Neurochirurgische Klinik, Universitätsklinikum Düsseldorf.
Department of Neurosurgery, Shinshu University School of Medicine, Matsumoto, Japan.
J Neurosurg. 2017 Jan;126(1):281-288. doi: 10.3171/2015.11.JNS15991. Epub 2016 Feb 26.
OBJECTIVE Methods of choice for neurophysiological intraoperative monitoring (IOM) within the infratentorial compartment mostly include early brainstem auditory evoked potentials, free-running electromyography, and direct cranial nerve (CN) stimulation.
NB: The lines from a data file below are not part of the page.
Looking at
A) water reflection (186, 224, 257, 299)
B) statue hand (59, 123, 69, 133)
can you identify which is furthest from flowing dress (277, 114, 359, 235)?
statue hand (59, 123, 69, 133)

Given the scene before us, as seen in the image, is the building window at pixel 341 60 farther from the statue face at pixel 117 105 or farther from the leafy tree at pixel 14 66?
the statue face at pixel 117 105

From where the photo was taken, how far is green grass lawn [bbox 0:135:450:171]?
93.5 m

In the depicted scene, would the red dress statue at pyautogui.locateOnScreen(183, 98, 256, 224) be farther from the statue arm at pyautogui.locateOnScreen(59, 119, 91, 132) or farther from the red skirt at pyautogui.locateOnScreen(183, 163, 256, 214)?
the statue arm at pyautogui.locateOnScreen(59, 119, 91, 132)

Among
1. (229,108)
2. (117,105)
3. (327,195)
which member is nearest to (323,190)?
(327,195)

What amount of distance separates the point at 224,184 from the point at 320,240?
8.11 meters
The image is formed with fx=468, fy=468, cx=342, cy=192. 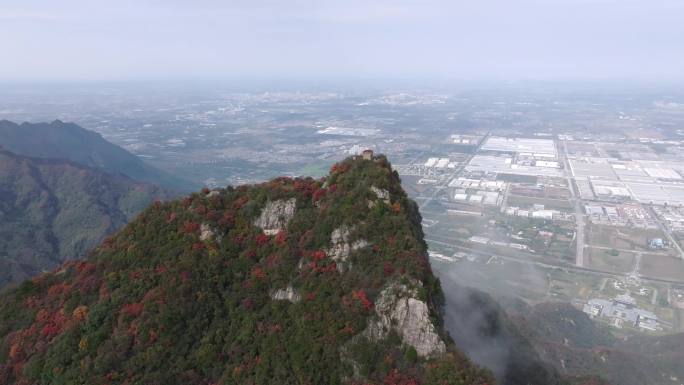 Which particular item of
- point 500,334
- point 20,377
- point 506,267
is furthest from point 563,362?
point 20,377

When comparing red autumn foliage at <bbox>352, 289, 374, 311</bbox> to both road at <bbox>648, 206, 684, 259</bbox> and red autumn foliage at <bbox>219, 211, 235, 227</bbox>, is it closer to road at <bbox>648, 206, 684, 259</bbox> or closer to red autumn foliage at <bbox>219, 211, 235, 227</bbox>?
red autumn foliage at <bbox>219, 211, 235, 227</bbox>

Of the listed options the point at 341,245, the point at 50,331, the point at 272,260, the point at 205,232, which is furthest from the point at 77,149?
the point at 341,245

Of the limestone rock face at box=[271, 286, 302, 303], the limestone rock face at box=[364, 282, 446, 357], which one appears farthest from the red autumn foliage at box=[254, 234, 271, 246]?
the limestone rock face at box=[364, 282, 446, 357]

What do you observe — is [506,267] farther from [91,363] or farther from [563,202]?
[91,363]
Long-tract monitoring with somatosensory evoked potentials (SEPs) and motor evoked potentials (MEPs) is rarely used. This study investigated the incidence of IOM alterations during posterior fossa surgery stratified for lesion location. METHODS Standardized CN and SEP/MEP IOM was performed in 305 patients being treated for various posterior fossa pathologies. The IOM data were correlated with lesion locations and histopathological types as well as other possible confounding factors. RESULTS Alterations in IOM were observed in 158 of 305 cases (51.8%) (CN IOM alterations in 130 of 305 [42.6%], SEP/MEP IOM alterations in 43 of 305 [14.0%]). In 15 cases (4.9%), simultaneous changes in long tracts and CNs were observed. The IOM alterations were followed by neurological sequelae in 98 of 305 cases (32.1%); 62% of IOM alterations resulted in neurological deficits. Sensitivity and specificity for detection of CN deficits were 98% and 77%, respectively, and 95% and 85%, respectively, for long-tract deficits. Regarding location, brainstem and petroclival lesions were closely associated with concurrent CN IOM and SEP/MEP alterations. CONCLUSIONS The incidence of IOM alterations during surgery in the posterior fossa varied widely between different lesion locations and histopathological types. This analysis provides crucial information on the necessity of IOM in different surgical settings. Because MEP/SEP and CN IOM alterations were commonly observed during posterior fossa surgery, the authors recommend the simultaneous use of both modalities based on lesion location.
在颅后窝手术中,神经生理学术中监测(IOM)的首选方法主要包括早期脑干听觉诱发电位、自由运行肌电图和直接颅神经(CN)刺激。体感诱发电位(SEP)和运动诱发电位(MEP)长束监测很少使用。本研究调查了根据病变位置分层的颅后窝手术中 IOM 改变的发生率。
对 305 例接受各种颅后窝病变治疗的患者进行了标准化的 CN 和 SEP/MEP IOM。将 IOM 数据与病变位置和组织病理学类型以及其他可能的混杂因素相关联。
在 305 例患者中有 158 例(51.8%)(305 例 CN IOM 改变 130 例[42.6%],SEP/MEP IOM 改变 43 例[14.0%])观察到 IOM 改变。在 15 例(4.9%)中,同时观察到长束和 CN 的变化。在 305 例患者中,有 98 例(32.1%)出现 IOM 改变后的神经后遗症;98%的 IOM 改变导致神经功能缺损,长束和 CN 分别为 62%和 95%。对于 CN 缺损的检测,敏感性和特异性分别为 98%和 77%,长束缺损分别为 95%和 85%。关于位置,脑干和岩斜区病变与 CN IOM 和 SEP/MEP 改变密切相关。
在颅后窝手术中,IOM 改变的发生率因病变位置和组织病理学类型的不同而有很大差异。该分析提供了有关不同手术环境中 IOM 必要性的关键信息。由于在颅后窝手术中经常观察到 MEP/SEP 和 CN IOM 改变,作者建议根据病变位置同时使用这两种方法。